Harley observou atentamente, e quanto mais olhava, mais a sensação de inquietude crescia dentro dele. Aqueles eram, de fato, os membros de seu clã, mas não havia mais nada neles que lembrasse as almas vibrantes e fortes que ele conhecera.
Eles estavam inertes, prisioneiros de um limbo onde o tempo havia parado, e seus olhares vazios eram um lembrete amargo de que a morte não havia trazido paz. A névoa ao redor de seus corpos pulsava lentamente, como se os mantivesse presos àquele estado de existência sem vida, sem movimento, sem propósito.
“Eles estão realmente aqui?” — Harley perguntou a si mesmo — “Ou será que este mundo é apenas uma ilusão, uma sombra distorcida do que foi perdido?”
O peso da realidade etérea começou a pressioná-lo, como se a própria dimensão estivesse tentando arrastá-lo para o silêncio eterno que envolvia seus antigos companheiros.
“Seria esse o destino final que o aguardava, se ele falhasse em sua missão? Ficar eternamente preso em uma existência vazia, observando um mundo que não mais o reconhecia?”
Harley sentiu o frio da solidão penetrar em seus ossos. Aquele mundo etéreo revelava uma verdade amarga.
Mesmo que ele sobrevivesse ao abismo e encontrasse uma saída, poderia acabar como aquelas figuras ao longe, prisioneiro de uma existência sem propósito, sem ação, sem vida. A perspectiva de tal destino o encheu de terror silencioso.
Ele olhou ao redor novamente, sentindo-se cada vez mais distante da realidade que conhecia. As figuras de seu clã continuavam imóveis, inabaláveis, como se a eternidade as tivesse congelado no tempo.
Cada rosto que ele reconhecia trazia uma nova faceta de dor. Eram os rostos de sua infância, de seus treinamentos, de batalhas travadas lado a lado. E agora, estavam vazios, como cascas.
Harley sentiu um nó na garganta. Ele queria gritar, chamá-los de volta à vida, mas sua voz parecia não sair. A presença de sua própria impotência diante daquilo o esmagava.
Ele sabia que a morte era inevitável, mas não havia imaginado que ela pudesse roubar tanto de uma pessoa — não apenas sua vida, mas sua própria essência, sua memória, sua alma.
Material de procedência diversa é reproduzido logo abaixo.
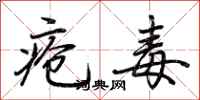 荆霄鹏疮毒行书怎么写
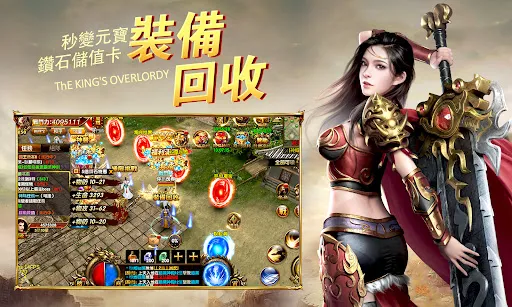 王者霸業 | Permainan | XWorld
De repente, um pensamento o atingiu com força:
“E se este fosse o futuro que o aguardava? E se o Abismo o consumisse por completo, como havia feito com eles?”
Harley se viu questionando tudo que sabia. Aquele portal lhe mostrava algo terrível. A queda pelo abismo parecia não ter fim, mas o que ele começou a sentir através daquela fenda na realidade era ainda mais assustador.